本日は6月19日付の日経記事「農中、外債10兆円売却へ(今期の赤字1.5兆円に)」に注目しながら、「資産運用におけるリスク感覚の重要性」について、深堀りして考えてみたいと思います。

農中の正式名称は農林中央金庫、全国の農協(JA)やその他多くの関連団体から資金を預かる巨大金融機関です(総資産は約100兆円)。そして総資産の半分超の56.3兆円を有価証券で運用しています(貸出比率は20%以下)。メガバンクや大手地方銀行と比べて、貸出比率が低く、運用比率が極めて高いのが大きな特徴です。

歴史的に農中は、全国の農協が預けるお金(預金)に通常より高い「上乗せ金利」を支払ってきました。それによって農協への影響力を保持してきたと推察します。しかし長期にわたる日本の低金利環境で十分な利息を得ることが困難になり、また農業関連の貸し出しも伸びなかったことから、農中のビジネスモデルは資産運用を主業務とする巨大運用会社に変わっていきました。(※これから日本郵政グループで同じことが起きていく予感がします。)

農中はニューヨーク、ロンドン、シンガポール、香港、北京、シドニー、アムステルダムに運用拠点を置き、グローバルな運用ネットワークを構築していきましたが、その運用目的は以前と変わらず、前述したように「農協に上乗せ利息を支払う」ことですから、ポートフォリオの資産配分については、自ずと利息獲得をメインとする債券運用偏重から脱することが出来ずにいました。

2024年3月末時点の資産配分は「国内債券14%・外国債券42%・株式2%・社債29%・ローン担保証券13%」という構成です(株式はなんとたったの2%!!)。そこに昨年来の世界的な金利上昇が襲い掛かり、ポートフォリオの大半を占める債券の価格は大幅に下落、そして農中のHPには運用方針として「為替変動を避けるため極力為替ヘッジをする」と記載されていますので、外債の大部分に為替ヘッジをかけていたのでしょう。「為替リスク無し」にしておけば、債券価格の下落を円安(為替差益)でカバーできたのですが…。

農協から預かった大事なお金に上乗せ金利をのせるために、株式のリスクはとりません。為替のリスクはとりません。そんな一見、運用ニーズに沿った真面目そうな運用方針が、今回の巨額損失につながったのは本当に皮肉なことです。

今回の教訓は「卵は一つの籠に盛るな」という、昔ながらの分散の重要性を説く格言を思い出させてくれます。個々の証券のリスクではなく、ポートフォリオ全体のリスクを考えると、結果論ではなく債券だけで運用するのは王道ではないと思います。
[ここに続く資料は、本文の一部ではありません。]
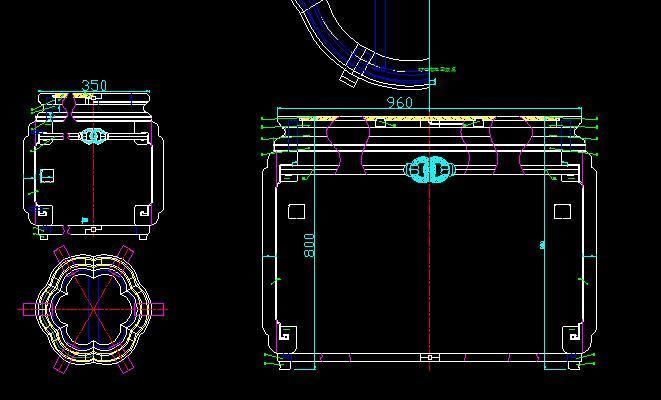 ��ʽ�ŵ�Ҿ�÷����Բ����Բ�Ķ�CAD����ͼ dwg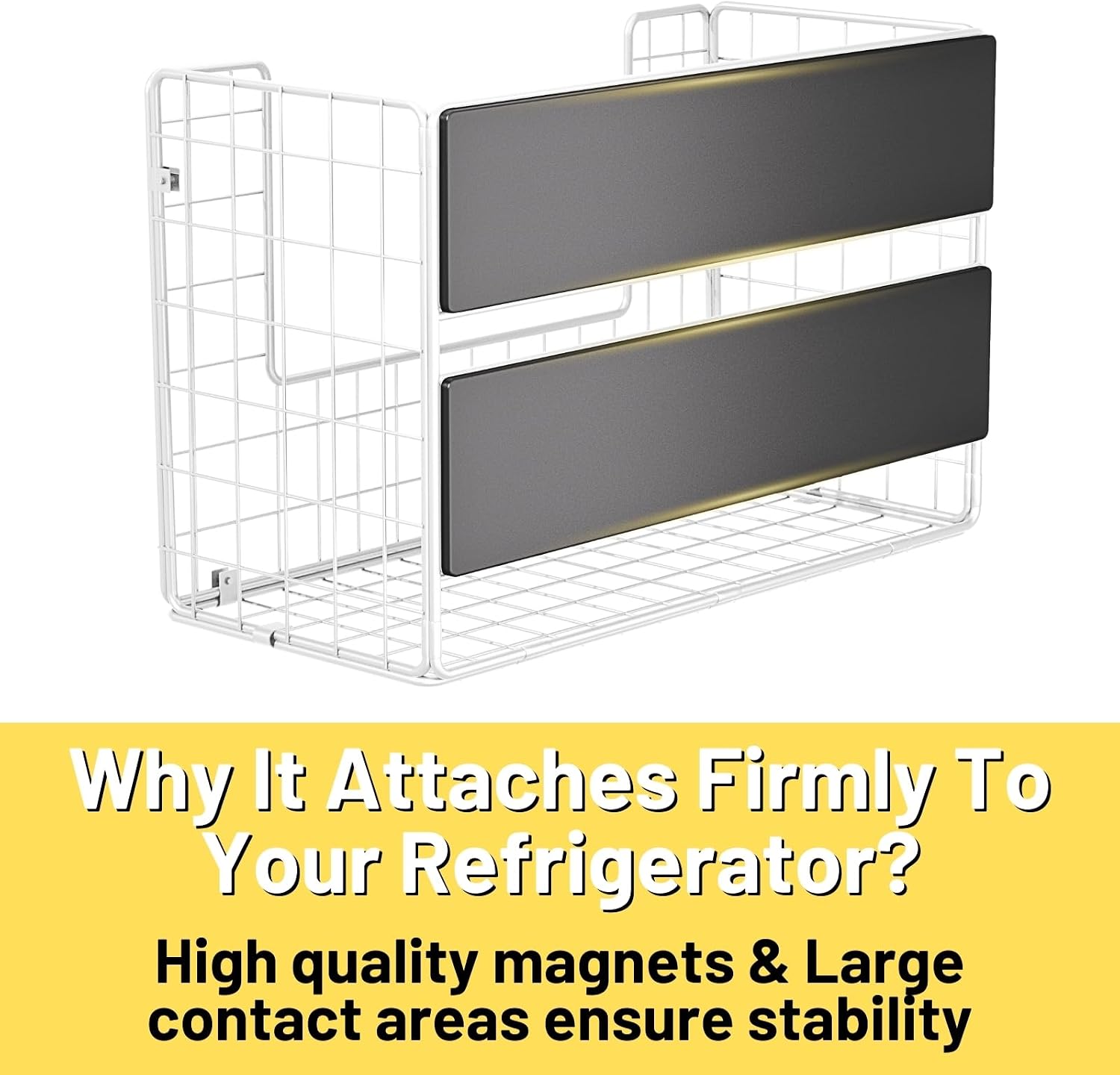 Heavy Duty Magnetic Storage Shelf for Refrigerator, No Drill Kitchen Organizer Rack with Large Capacity for Fruits, Vegetables and Snacks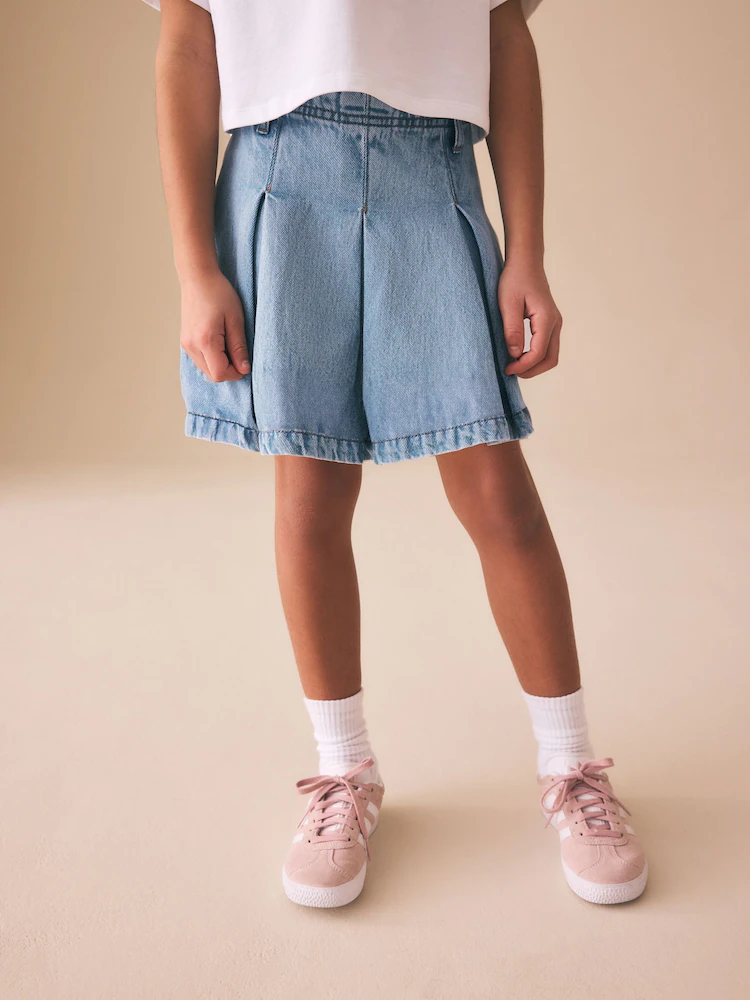 Light Blue Denim Pleated Denim Skirt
やはり王道の投資理論は、異なる値動きをする資産クラスへの分散投資です。その分散の原則をしっかり堅持することこそが、長期投資のリスク管理において最重要と再確認した思いです。

一方で、おそらく農中の運用戦略も長い低金利時代には、長期間上手くいっていたのだと思います。しかし成功によってリスク感覚が希薄になったタイミングで、コロナショックが起き、その後のインフレ環境に対応できなかったという不運な側面もあろうかと思います。だけどやはり、それを不運で片づけるのは適切ではありません。運用者のリスク感覚が麻痺していたことは否めないと感じます。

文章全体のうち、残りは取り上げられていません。